Iraqi Voters Start Casting Their Ballots
This article is from the archive of The New York Sun before the launch of its new website in 2022. The Sun has neither altered nor updated such articles but will seek to correct any errors, mis-categorizations or other problems introduced during transfer.

AMMAN, Jordan – Hundreds of thousands of Iraqi expatriates voting in 15 countries around the globe in parliamentary elections yesterday said they want stability and an end to the violence in Iraq. But their ideas of how to get there were as divided as their communities back home.
Sunni Arab, Shiite, and Kurdish concerns were reflected among many of the Iraqis living in neighboring countries, Europe, and America. Voters came from all stages of their country’s stormy past – those who fled Saddam Hussein’s regime, others who left amid the 2003 American-led invasion or took refuge abroad from the relentless bloodshed that followed.
A Sunni Arab voting in the Jordanian capital, Amman, Iyad al-Iraqi, 22, said he hoped the elections would bring more “Muslim Arabs” to power.
“We hated living under Saddam, but at least it was safer then. Give us a thousand like Saddam, but not a single American to rule us,” he said.
Sunnis at home and abroad largely shunned January 30 elections for an interim parliament that wrote the nation’s constitution – Iraq’s first free vote in decades. The result was a legislature dominated by members of the Shiite Muslim majority and the strong Kurdish minority.
This time Sunnis in Iraq were pressing for a strong turnout to build their numbers in the 275-member legislature – and the response in predominantly Sunni Jordan and Syria suggested the communities there were answering the call.
Voting also appeared heavy among Iraqis in mainly Shiite Iran, a close ally of the Shiite parties that control the current government in Baghdad. Hundreds lined up at a polling station in southern Tehran to cast ballots.
In a center of Shiite religious studies, Qom, Iraqis – most of them clerics studying at seminaries – also converged at polling stations, the official Islamic Republic News Agency said.
A group of 50 Kurdish men traveled by bus to London from the English town of Ipswich, waving Kurdish flags and singing nationalist songs at a polling center. “We want to see Kurdistan become independent,” a 28-year-old factory worker, Dilzar Muhamad, said. “We don’t worry about what will happen to the Arabic people in the rest of Iraq, or about Turkey or Iran, for that matter.”
About 1.5 million Iraqis living abroad are eligible to vote at polling centers in 15 countries, including America and Canada. Yesterday was the first of three days of expatriate voting, while Iraqis at home will go to the polls on Thursday.
In Syria, home to 400,000 Iraqis, thousands flocked to 11 polling stations across the country. The supervisor of one polling center in Damascus, Hayel Youhana, declined to give figures but said the turnout “surpassed our expectations.”

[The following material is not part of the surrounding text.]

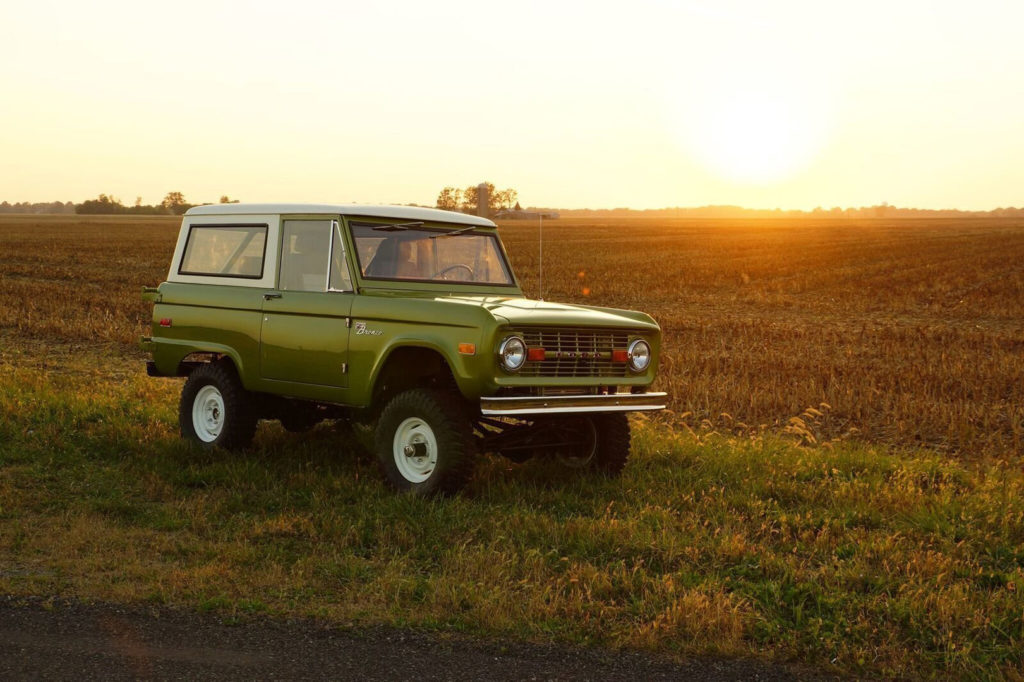 Lime Green 1973 Coyote Edition Ford Bronco During Sunset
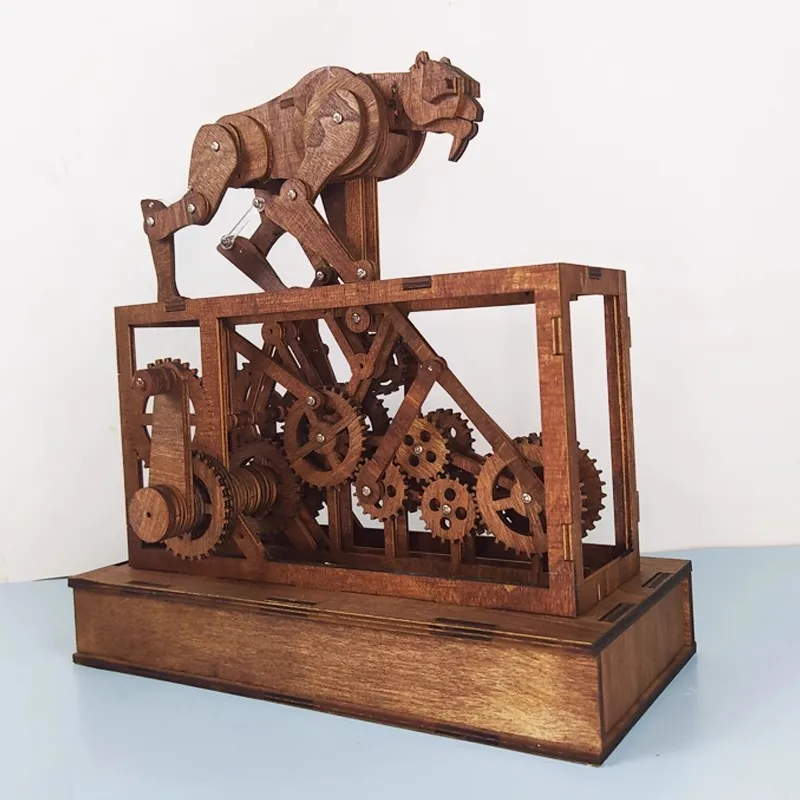 

Steampunk Saber-Toothed Tiger Wooden Model Mechanical Gear-Driven Artisan Craft Desktop sabretooth ornament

A Baghdad native who has lived in Damascus for the past 18 months, Talal Shawkat, 55, said: “I want to vote because I see the process as free and honest.”
In Zarqa, Jordan, the hometown of Iraq’s most feared terror leader, Abu Musab al-Zarqawi, Iraqis turned up at polling stations despite a statement issued hours earlier on the Internet by Mr. al-Zarqawi’s Al Qaeda in Iraq and four other militant groups branding the polls a “satanic project” that violated God’s law.
“What they say is bogus,” Hamed Al-Nasseri, 56, shouted outside a polling station in an industrial city 20 miles northeast of Amman, Zarqa. “I’m voting to challenge these militants, to have a strong parliament and government that would restrain these outlaws.”
An Iraqi social worker whose son was kidnapped briefly by criminals after the American-led invasion, Baha’a El din, 53, said in Amman that he hoped the polls will put an end to “sectarianism and tribalism” and allow for safer conditions “so we can return to our country and live in peace.”
Haidar Al Latif drove 10 hours in a rented car from South Dakota to a polling place in suburban Chicago.
“This is the first time I had the opportunity to vote,” Mr. Al Latif, 34, who works as a mason in Sioux Falls, said. He said a snowstorm prevented him from making the trip in January.
Campaign posters also dotted polling stations across Europe.
In Denmark, Soran Abul-Aziz spent the night outside a polling station in a sleeping bag. He said he wanted to be the first one to cast his ballot.
“I am very happy. I hope Iraq soon will become a democratic country like Denmark,” he said, sporting a red Santa hat.
The countries hosting the vote were chosen because they had the largest concentrations of Iraqis: Australia, America, Britain, Canada, Denmark, France, Germany, Austria, Iran, Jordan, the Netherlands, Sweden, Syria, Turkey, and United Arab Emirates.